J. Chil. Chem. Soc. vol.59 no.2 Concepción jul. 2014

http://dx.doi.org/10.4067/S0717-97072014000200016 

 

SYNTESIS AND CRYSTALLINE STRUCTURE OF THE EXO-3,6-DIMETHYL-3,6-EPOXI-1,2,3,6-TETRAHYDROPHTLALIMIDE AND ITS N-BROMODECYL ANALOG: TWO THERMALLY LABILE DIELS-ALDER ADDUCTS

 

RODRIGO VÁSQUEZ 1, CLAUDIA VETTERLEIN 1, 2, ALEXANDER TRUJILLO 3, CARLOSA. ESCOBAR *3 AND EYLEEN ARAYA-FUENTES *1

1 Universidad Andres Bello, Facultad de Ciencias Exactas, Departamento de Ciencias Químicas, Laboratorio de Nanobiotecnología, Av. República 275, Santiago, Chile.
2
Universidad de Chile, Facultad de Química y Farmacia, Departamento de Farmacología y Toxicología, Laboratorio de Nanobiotecnología,
Sergio Livingstone 1007, Independencia, Santiago, Chile.
3
Universidad Andres Bello, Facultad de Ciencias Exactas, Departamento de Ciencias Químicas, Laboratorio de Síntesis Orgánica y Organometálica,
Av. República 275, Santiago, Chile.
* e-mail: eyleen.araya@unab.cl


ABSTRACT

The molecular structure of the exo-3,6-dimethyl-3,6-epoxi-1,2,3,6-tetrahydrophthalimide (1), determined by X-ray diffraction analysis, as well as, its complete spectroscopic characterization and the synthesis and complete spectroscopic characterization of its N-(10-bromodecyl) analog (2) are presented.
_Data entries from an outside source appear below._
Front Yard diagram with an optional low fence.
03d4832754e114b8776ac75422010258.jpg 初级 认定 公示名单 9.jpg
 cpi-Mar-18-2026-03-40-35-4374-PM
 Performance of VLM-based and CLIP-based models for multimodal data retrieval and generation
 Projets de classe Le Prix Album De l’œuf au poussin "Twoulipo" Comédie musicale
Keywords: Furan/Maleimide Diels-Alder adduct, thermally labile protecting group.


 

1. INTRODUCTION

The furan-maleimide (FM) Diels-Alder (DA) adduct has been used as a versatile tool in a broad spectrum of applications, among them, FM adduct has been used as thermal reversible coupling/decoupling moiety1 and as a thermally labile protecting group, included in synthetic schemes2. These two applications are based on both, the ease of the adduct formation trough the DA reaction3 and on the relatively low decoupling temperature through its retro DA reaction4.

As a reversible coupling/decoupling moiety, the DA adduct has been included in oligonucleotide conjugates5 and in reversible polymer network6,7,8. Also, Bakhtiari et al. used this DA adduct as a linker between gold nanoparticles and fluorescein dye, proving that the thermally labile adduct can release the dye under photothermal conditions (i.e. thermal or light irradiation)9. As a thermally labile protecting group has been included in synthetic schemes to provide for peptides, peptoids and peptide nucleic acids10 and Maleimide functionalized gold nanoparticles11,12.

From the structural point of view, the DA adducts between Furan and Maleimide, has been studied mainly for its N-substituted analogs, thus in this way the X-ray crystallography of the N-amino13,14, N-acetoxyphenyl15 and N-aryl16 has been studied; Surprisingly, for the DA adduct of 2,5-dimethylfuran and Maleimide the molecular structure has not been determined using X-ray diffraction analysis.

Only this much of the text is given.